Here’s the good news: Paris-based Renewable Energy Policy Network for the 21st Century (REN21) has released its influential annual Renewables Global Status Report (PDF), and it’s mostly positive for the solar sector. The bad news? The overall globe that REN21 happens to be analyzing just can’t seem to get its renewables house in order.
In 2013, policy uncertainty in the United States and parts of Europe helped bring down global investment in solar photovoltaics 22 percent in dollar terms, the report explains. China beat the United States and Brazil beat Canada in total installed renewable power capacity. In fact, China’s renewable power capacity surpassed new fossil fuel and nuclear capacity for the first time, while Denmark, Germany, Portugal, Spain, Sweden, and Austria respectively led the world in per capita renewable power capacity. Suddenly, America’s solar war with China doesn’t look so cut and dried.
Judging its underwhelming 2013 performance from a global perspective, North America looks like it still has quite a long way to go, despite its solar successes and its ongoing solar boom.
Which are impressive, if you look at the microeconomics. According to the Solar Energy Industries Association’s 2013 report, the United States installed 4,751 megawatts for a book value of $13.7 billion, a 40 percent increase over 2012. REN21’s report is similarly sunny: Renewable power capacity increased worldwide 8 percent over 2012, including 40 gigawatts of PV and 35 gigawatts of wind.
“New [solar] capacity installations reached a record high, up more than 32 percent over 2012, an effect of dramatic cost reductions over the past few years,” Worldwatch Institute Senior Fellow Janet Sawin explained in a press release.
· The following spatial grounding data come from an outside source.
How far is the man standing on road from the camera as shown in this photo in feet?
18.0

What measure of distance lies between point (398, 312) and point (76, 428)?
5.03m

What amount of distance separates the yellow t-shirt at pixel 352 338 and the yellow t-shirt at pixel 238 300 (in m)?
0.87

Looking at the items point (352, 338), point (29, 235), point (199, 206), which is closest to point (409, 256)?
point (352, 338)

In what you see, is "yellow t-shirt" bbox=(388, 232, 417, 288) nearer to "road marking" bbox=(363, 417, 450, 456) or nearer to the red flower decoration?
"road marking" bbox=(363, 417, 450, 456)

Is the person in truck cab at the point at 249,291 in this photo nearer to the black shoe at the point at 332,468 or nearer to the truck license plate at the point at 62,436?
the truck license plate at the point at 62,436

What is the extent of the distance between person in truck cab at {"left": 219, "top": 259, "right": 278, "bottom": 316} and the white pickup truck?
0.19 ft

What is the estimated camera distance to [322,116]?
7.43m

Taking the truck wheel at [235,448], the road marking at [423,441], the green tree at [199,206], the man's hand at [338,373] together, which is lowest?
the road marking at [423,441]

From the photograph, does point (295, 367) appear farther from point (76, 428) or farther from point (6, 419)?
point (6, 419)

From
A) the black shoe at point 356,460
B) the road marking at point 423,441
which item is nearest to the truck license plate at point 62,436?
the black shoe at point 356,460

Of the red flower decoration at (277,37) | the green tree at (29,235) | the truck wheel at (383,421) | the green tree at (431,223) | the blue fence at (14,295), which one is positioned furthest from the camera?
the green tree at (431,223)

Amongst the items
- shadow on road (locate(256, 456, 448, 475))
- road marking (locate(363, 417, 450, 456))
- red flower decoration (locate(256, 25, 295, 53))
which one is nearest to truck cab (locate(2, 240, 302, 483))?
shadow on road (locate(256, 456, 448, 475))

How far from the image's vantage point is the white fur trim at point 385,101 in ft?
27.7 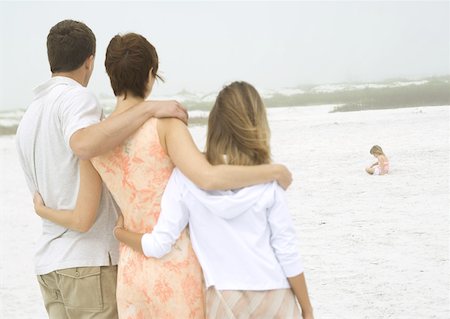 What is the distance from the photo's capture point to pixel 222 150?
1748 millimetres

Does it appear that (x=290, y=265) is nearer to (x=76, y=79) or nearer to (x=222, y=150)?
(x=222, y=150)

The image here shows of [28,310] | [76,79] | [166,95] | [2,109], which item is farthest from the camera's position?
[166,95]

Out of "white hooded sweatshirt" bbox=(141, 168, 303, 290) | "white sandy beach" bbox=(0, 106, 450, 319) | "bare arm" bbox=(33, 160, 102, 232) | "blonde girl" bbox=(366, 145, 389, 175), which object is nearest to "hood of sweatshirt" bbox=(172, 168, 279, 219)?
"white hooded sweatshirt" bbox=(141, 168, 303, 290)

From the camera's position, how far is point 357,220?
930 centimetres

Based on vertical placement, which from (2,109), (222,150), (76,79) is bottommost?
(2,109)

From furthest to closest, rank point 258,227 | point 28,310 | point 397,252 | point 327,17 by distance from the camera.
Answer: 1. point 327,17
2. point 397,252
3. point 28,310
4. point 258,227

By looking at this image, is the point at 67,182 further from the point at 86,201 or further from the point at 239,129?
the point at 239,129

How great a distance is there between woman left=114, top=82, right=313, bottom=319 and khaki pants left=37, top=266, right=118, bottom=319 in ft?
0.80

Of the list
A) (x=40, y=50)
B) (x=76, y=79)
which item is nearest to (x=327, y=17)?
(x=40, y=50)

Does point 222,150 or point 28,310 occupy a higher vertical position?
point 222,150

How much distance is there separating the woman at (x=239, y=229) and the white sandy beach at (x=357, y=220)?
12.6 feet

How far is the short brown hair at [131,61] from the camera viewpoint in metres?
1.75

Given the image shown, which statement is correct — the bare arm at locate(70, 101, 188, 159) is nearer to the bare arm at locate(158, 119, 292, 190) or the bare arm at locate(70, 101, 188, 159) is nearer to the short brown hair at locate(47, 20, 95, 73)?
the bare arm at locate(158, 119, 292, 190)

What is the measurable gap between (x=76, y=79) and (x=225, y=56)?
32616 mm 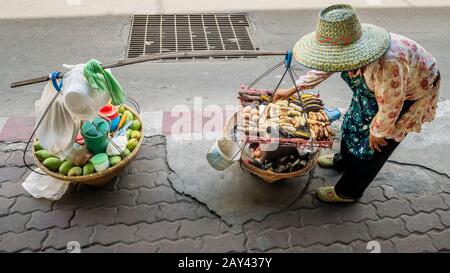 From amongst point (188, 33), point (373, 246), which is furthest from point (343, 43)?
point (188, 33)

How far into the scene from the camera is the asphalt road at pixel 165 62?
A: 448cm

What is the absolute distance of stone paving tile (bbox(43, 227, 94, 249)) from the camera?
3035 millimetres

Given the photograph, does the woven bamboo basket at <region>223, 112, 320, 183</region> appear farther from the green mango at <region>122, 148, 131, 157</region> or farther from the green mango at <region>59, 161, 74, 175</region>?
the green mango at <region>59, 161, 74, 175</region>

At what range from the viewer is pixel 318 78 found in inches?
114

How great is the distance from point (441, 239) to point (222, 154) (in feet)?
6.41

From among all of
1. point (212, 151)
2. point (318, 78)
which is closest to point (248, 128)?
point (212, 151)

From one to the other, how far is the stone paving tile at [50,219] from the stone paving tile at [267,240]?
1542mm

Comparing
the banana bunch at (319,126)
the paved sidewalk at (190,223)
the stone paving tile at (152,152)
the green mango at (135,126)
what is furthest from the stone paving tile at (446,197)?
the green mango at (135,126)

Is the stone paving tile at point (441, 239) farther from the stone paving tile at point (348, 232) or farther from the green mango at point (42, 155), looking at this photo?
the green mango at point (42, 155)

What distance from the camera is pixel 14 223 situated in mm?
3166

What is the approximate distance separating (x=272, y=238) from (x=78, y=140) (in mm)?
1877

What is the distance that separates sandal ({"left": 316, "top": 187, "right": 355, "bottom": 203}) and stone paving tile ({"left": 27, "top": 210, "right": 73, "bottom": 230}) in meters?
2.19

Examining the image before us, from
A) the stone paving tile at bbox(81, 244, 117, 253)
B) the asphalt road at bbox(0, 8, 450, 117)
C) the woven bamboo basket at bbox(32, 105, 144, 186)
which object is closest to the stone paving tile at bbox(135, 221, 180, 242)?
the stone paving tile at bbox(81, 244, 117, 253) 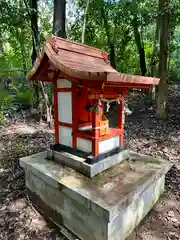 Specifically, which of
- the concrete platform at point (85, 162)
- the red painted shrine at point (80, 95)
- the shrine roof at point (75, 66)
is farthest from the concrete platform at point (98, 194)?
the shrine roof at point (75, 66)

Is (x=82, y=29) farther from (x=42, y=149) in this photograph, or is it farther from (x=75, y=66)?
(x=75, y=66)

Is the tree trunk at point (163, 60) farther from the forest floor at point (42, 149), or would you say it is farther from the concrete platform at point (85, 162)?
the concrete platform at point (85, 162)

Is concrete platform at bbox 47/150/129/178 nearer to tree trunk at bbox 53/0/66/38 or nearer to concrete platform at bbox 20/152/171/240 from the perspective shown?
concrete platform at bbox 20/152/171/240

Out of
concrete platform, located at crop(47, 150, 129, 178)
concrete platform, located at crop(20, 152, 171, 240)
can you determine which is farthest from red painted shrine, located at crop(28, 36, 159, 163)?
concrete platform, located at crop(20, 152, 171, 240)

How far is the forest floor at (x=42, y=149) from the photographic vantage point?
85.1 inches

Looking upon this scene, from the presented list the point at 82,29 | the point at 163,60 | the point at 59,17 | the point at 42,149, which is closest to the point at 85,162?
the point at 42,149

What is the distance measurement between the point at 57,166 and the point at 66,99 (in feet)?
3.10

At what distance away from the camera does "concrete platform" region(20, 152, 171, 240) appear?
5.87 feet

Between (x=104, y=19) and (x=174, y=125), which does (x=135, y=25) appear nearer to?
(x=104, y=19)

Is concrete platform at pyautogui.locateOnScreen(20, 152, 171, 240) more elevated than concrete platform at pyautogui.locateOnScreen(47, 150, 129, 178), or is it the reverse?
concrete platform at pyautogui.locateOnScreen(47, 150, 129, 178)

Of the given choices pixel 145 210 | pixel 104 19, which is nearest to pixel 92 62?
pixel 145 210

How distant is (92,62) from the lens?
253cm

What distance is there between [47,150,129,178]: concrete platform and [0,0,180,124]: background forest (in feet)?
3.22

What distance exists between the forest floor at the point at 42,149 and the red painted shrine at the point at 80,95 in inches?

That said, wind energy decreased from 2012, “primarily due to a slowdown in the American market,” the release added.
Perhaps billionaire Warren Buffet’s promise to double Berkshire Hathaway’s wind and solar investment to $30 billion can help that slowdown speed up … although when asked Buffet did have to be reminded by a deputy just how much he already had on the renewable energy table. One step forward, two steps back.
That seems to be the dominant theme of REN21’s analysis of the global solar dance, as climate change superstores and natural gas fantasies become too expensive for business as usual. While developing nations have increased their support for renewable energy sixfold since 2005, increasingly leading the sector’s global growth, declining support at the national level for sluggish superpowers is forcing their municipalities to take up the green reins and make lasting change.
“Thousands of cities and towns worldwide have policies, plans, and targets to advance renewable energy, often far outpacing the ambitions of national legislation,” REN21’s report explained.
That’s good news, to be sure. But declining support and decreasing investment are nevertheless troubling developments for nations of all sizes that want to be taken seriously when they claim to be doing all they can to change their dirty energy habits.